Cancers of the head and neck can be treated with several drugs on the market, but for certain patients diagnosed with this this common type of cancer, outcomes are worse and better therapeutic options are needed. Bicara Therapeutics is developing a therapy that could provide a treatment alternative and the company now has $315 million in IPO cash to finance a pivotal study..

头颈部癌症可以用市场上的几种药物治疗，但对于某些被诊断患有这种常见类型癌症的患者，结果更差，需要更好的治疗选择。Bicara Therapeutics正在开发一种可以提供治疗替代方案的疗法，该公司目前拥有3.15亿美元的IPO现金，用于资助一项关键研究。。
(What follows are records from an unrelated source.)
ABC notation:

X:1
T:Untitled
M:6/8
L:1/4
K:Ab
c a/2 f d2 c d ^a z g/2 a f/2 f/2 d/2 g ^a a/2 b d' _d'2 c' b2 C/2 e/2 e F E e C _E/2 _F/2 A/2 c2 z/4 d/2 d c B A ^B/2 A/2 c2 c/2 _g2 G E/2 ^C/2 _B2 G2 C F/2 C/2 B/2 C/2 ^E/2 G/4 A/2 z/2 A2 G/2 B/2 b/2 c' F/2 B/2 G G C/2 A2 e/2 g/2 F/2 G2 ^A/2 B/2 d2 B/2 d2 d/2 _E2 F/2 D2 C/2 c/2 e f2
Boston-based Bicara was able to raise more than it planned. In preliminary IPO terms set on Monday, the company aimed to offer 11.7 million shares priced in the range of $16 to $18 each. On Wednesday, Bicara increased the proposed stock sale to 14.7 million shares offered in the same targeted price range.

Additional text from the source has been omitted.